VOD film review: The Dead Lands
Review Overview
Visceral impact
10Originality in the plot
4Tongue wagging
10Ian Loring | On 13, Jun 2015
Director: Toa Fraser
Cast: James Rolleston, Lawrence Makoare, Te Kohe Tuhaka
Certificate: 18
Watch The Dead Lands online in the UK: Apple TV (iTunes) / TalkTalk TV / Prime Video (Buy/Rent) / Rakuten TV / Google Play
The Dead Lands was New Zealand’s official selection for Best Foreign Language Feature at this year’s Oscars. Whether that’s a good or bad thing will depend on your point of view. When you think of the films considered for that award in years gone by, you generally think of high-minded, austere pictures, like previous winners Departures, Amour or countless others. That New Zealand put this forward either shows that they just didn’t have any of that kind of product that year or that the people who consider their country’s Oscar potential are lunatics you can get behind.
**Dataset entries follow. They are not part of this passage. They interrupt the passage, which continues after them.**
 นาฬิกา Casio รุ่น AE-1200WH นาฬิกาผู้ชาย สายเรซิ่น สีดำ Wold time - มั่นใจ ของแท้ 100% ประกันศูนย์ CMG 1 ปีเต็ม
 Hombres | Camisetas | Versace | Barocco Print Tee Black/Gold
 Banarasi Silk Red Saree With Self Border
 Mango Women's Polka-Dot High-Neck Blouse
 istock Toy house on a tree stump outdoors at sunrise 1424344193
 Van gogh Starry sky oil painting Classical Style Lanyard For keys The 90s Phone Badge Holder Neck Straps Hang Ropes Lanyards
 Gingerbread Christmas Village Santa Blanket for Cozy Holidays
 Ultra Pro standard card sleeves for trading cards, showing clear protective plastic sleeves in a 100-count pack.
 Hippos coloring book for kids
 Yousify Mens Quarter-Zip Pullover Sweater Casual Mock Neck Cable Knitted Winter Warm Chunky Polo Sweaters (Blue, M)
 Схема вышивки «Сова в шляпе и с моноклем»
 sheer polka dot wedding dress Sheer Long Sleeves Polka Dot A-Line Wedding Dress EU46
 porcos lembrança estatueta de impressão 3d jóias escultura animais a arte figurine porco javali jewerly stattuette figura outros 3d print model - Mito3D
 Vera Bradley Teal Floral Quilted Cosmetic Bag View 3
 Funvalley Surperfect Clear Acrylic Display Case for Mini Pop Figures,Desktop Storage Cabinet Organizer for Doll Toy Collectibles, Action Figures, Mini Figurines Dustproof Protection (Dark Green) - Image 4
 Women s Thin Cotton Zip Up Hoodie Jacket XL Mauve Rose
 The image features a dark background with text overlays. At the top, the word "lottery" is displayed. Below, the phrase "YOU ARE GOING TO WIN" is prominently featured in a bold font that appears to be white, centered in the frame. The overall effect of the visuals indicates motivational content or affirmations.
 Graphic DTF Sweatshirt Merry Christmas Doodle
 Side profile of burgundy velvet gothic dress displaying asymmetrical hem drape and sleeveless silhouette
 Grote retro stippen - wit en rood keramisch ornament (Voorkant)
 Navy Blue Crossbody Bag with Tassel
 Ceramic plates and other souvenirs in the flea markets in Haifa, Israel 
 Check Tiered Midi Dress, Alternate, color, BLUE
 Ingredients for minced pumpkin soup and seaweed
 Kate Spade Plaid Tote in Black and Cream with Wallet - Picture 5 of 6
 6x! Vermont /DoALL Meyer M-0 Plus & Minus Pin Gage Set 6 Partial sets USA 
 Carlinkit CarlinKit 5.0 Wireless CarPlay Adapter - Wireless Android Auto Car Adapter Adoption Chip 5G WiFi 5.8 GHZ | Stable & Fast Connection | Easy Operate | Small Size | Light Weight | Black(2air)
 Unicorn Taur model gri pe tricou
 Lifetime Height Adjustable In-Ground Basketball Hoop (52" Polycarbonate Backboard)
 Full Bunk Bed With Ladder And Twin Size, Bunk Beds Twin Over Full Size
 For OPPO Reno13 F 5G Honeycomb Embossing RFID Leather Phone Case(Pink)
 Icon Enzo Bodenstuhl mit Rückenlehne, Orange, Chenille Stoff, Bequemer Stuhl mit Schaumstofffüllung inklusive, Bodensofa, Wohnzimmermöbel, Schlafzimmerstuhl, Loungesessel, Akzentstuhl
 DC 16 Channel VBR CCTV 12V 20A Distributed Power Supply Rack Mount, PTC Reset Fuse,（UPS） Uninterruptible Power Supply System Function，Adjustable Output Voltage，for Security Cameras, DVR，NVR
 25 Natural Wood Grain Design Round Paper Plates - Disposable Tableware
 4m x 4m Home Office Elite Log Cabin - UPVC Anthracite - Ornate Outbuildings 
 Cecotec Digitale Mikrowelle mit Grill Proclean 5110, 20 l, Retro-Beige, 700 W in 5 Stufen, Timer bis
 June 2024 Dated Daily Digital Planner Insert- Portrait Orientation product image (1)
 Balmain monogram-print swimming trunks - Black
The Dead Lands is a simple story told in the most brutal and visceral way. The plot, such as it is, concerns a young man (James Rolleston), who seeks revenge on the son of another Maori tribe’s leader for slaughtering his people, including his father. To do so, he enlists the help of a “monster’ known only as The Warrior (Lawrence Makoare), a man who lives in the eponymous Dead Lands and kills anyone who gets in his way. Mayhem ensues.
It is not the work of Michael Haneke here, but the film has James Cameron’s blessing and you can see why with its action played as grittily as possible, all set in an environment filled with talk of honouring your ancestors and the spirits who inhabit it – an Avatar-esque message, only with more blood-letting and fewer blue people.
Special credit here has to go to Stunt/Fight Coordinator Steve McQuillan, who shows us a world of violence which is much about intimidation as it is actual fight moves. The characters hiss, spit and wag their tongues at each other with looks of frenzy etched into their faces, while they circle the ground before them. Their weapons mark out their territory and make each other know that once they unleash their fury, only bloodshed will result. What bloodshed it is, too: lingering on the fatal blows and gore, the film crafts well-choreographed sequences, which have more impact than you generally find, thanks to the legwork done in establishing the reverence with which they hold violence.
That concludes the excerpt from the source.